[Items listed in a dataset]

┌────────

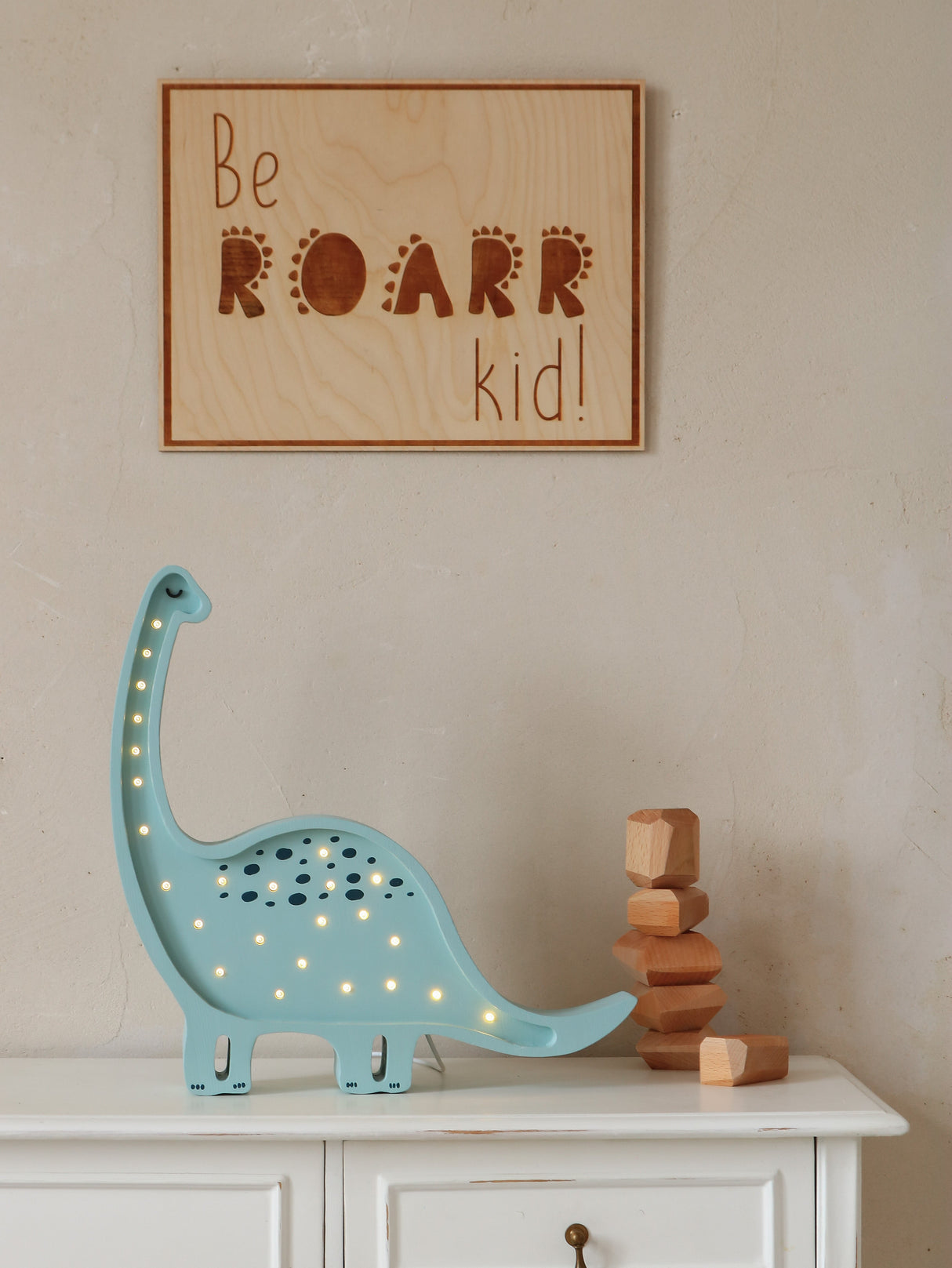 Little Lights Dinosaur Lamp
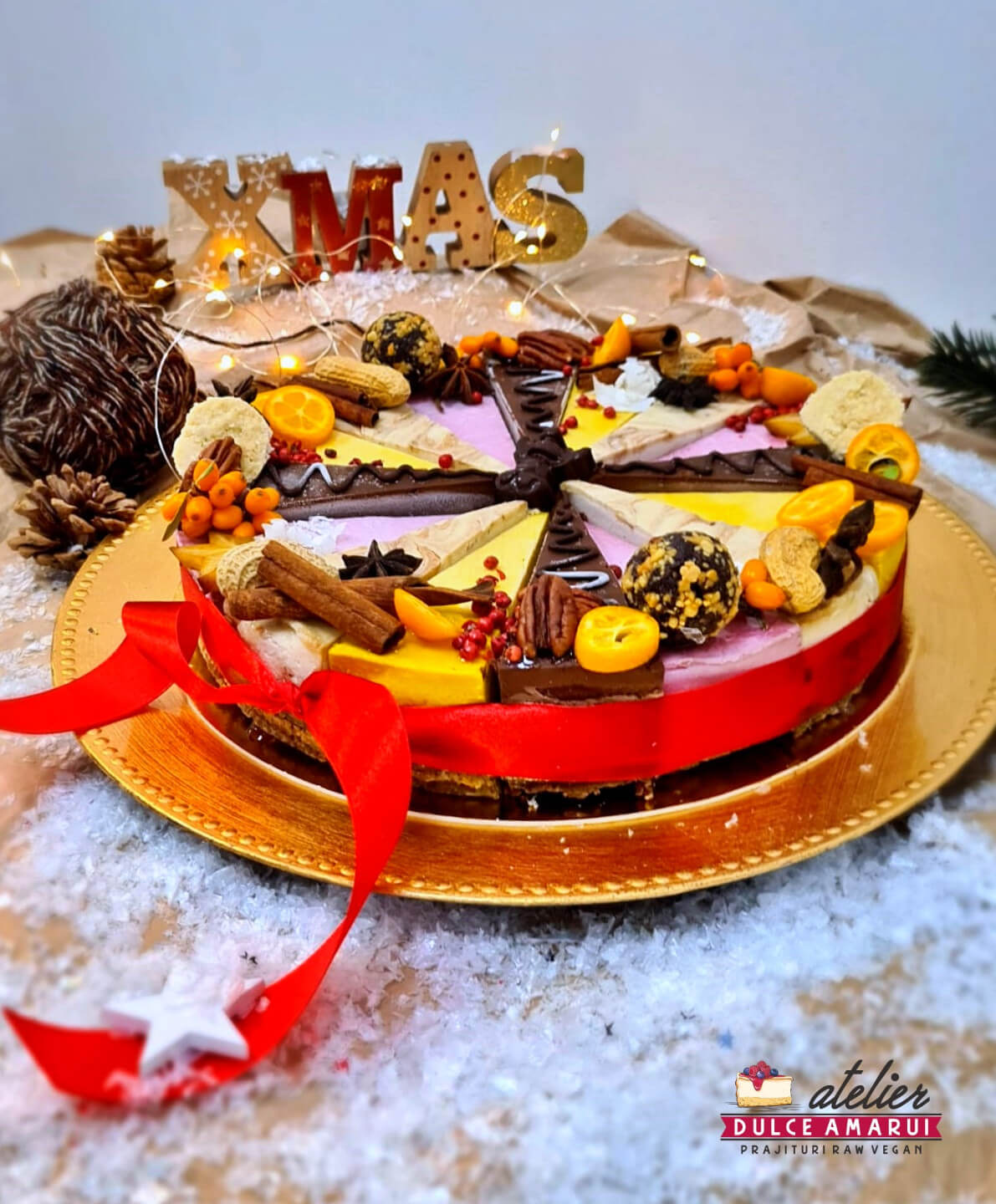 Atelier Dulce Amărui a lansat dulciurile preferate ale lui Moș Crăciun!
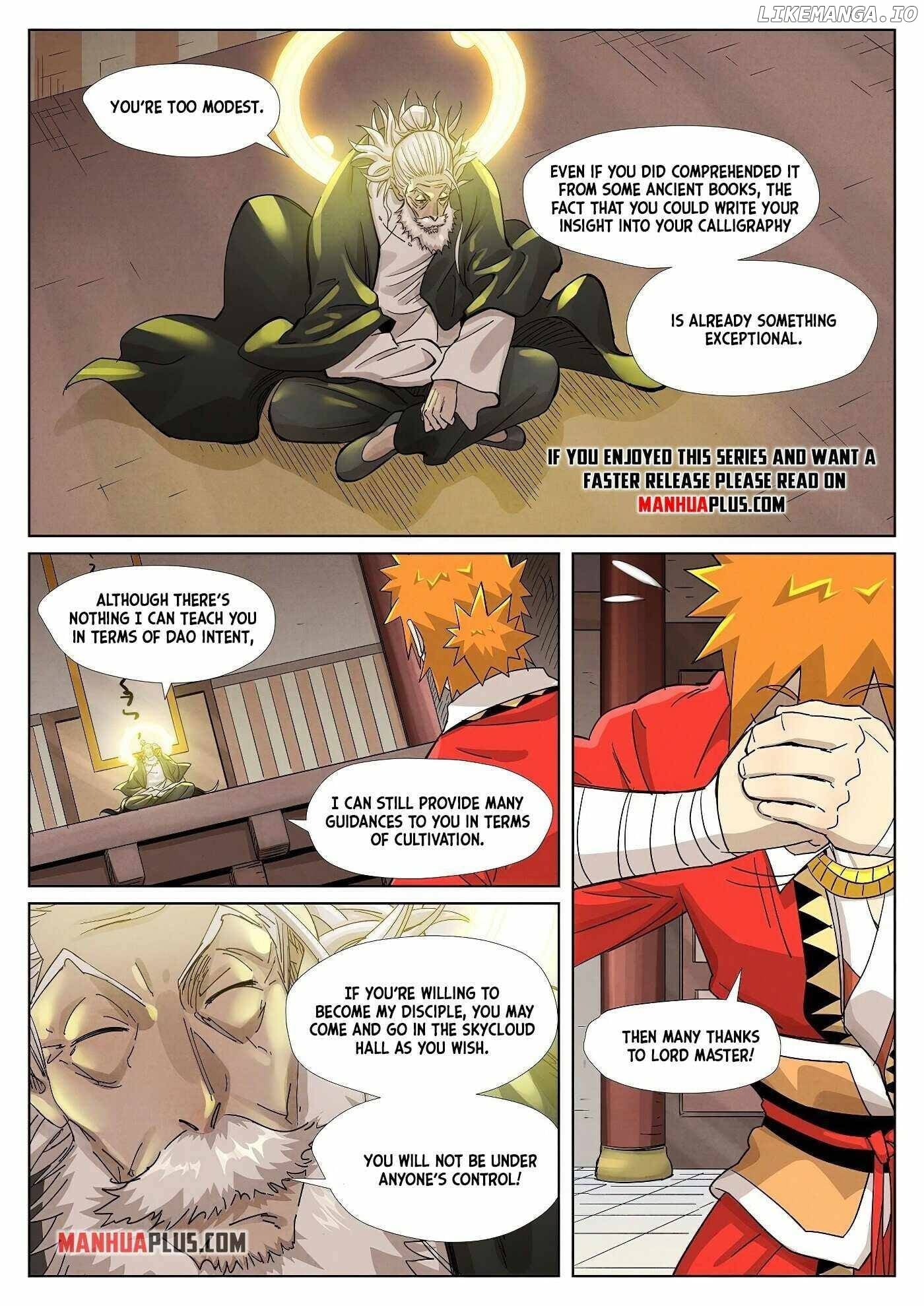 Tales of Demons and Gods Chapter 365 - page 9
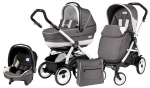 Коляска 3 в 1 Peg Perego Book 51 XL Set Modular (шасси White/Black)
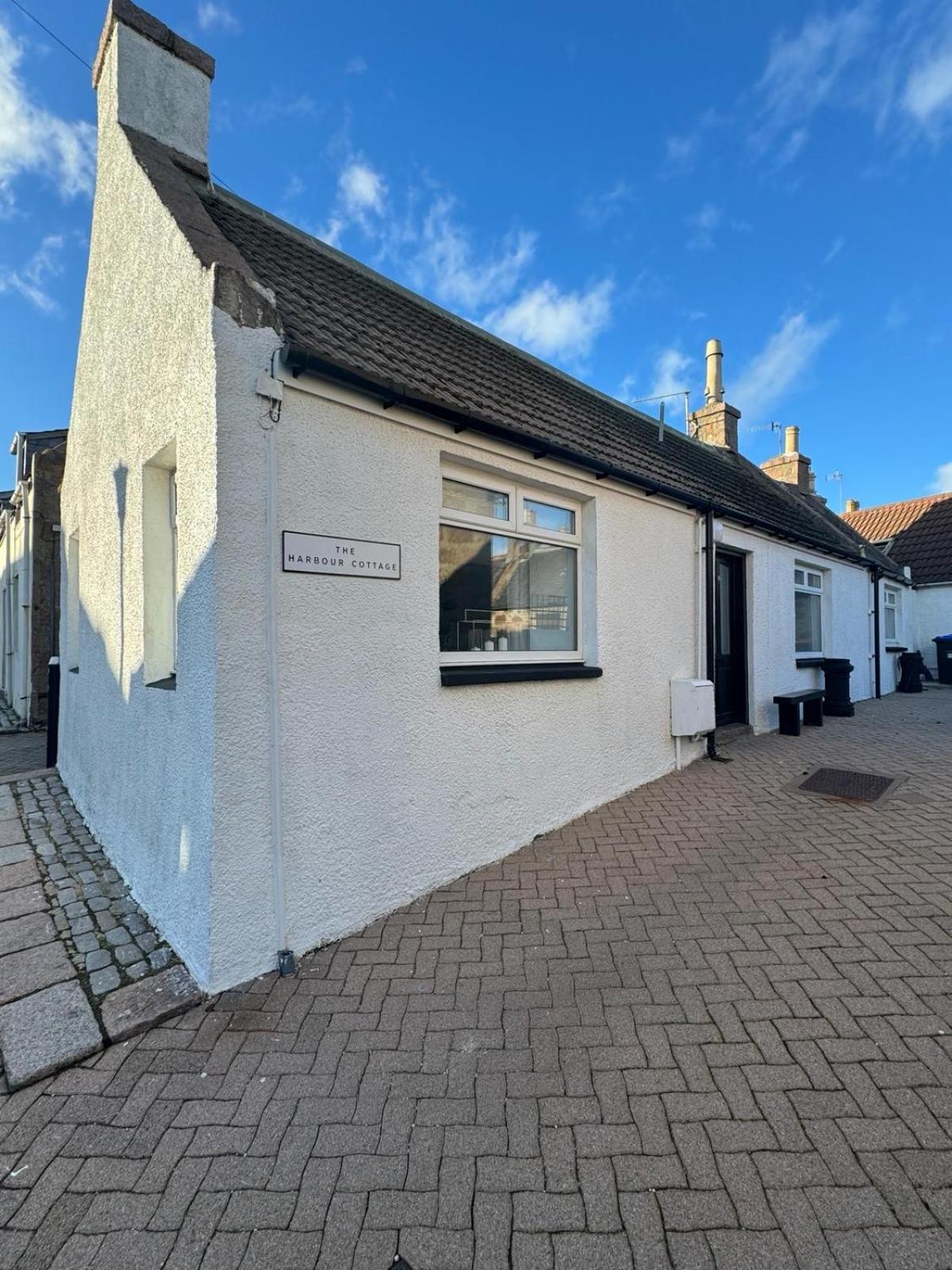 The Harbour Cottage Peterhead Buitenkant foto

└────────

YOUR GOAL:
Every line from the one containing "Коляска 3 в" through the end of the records is to be returned exactly, and those lines alone; pictures are dropped.

TASK OUTPUT:
 Коляска 3 в 1 Peg Perego Book 51 XL Set Modular (шасси White/Black)
 The Harbour Cottage Peterhead Buitenkant foto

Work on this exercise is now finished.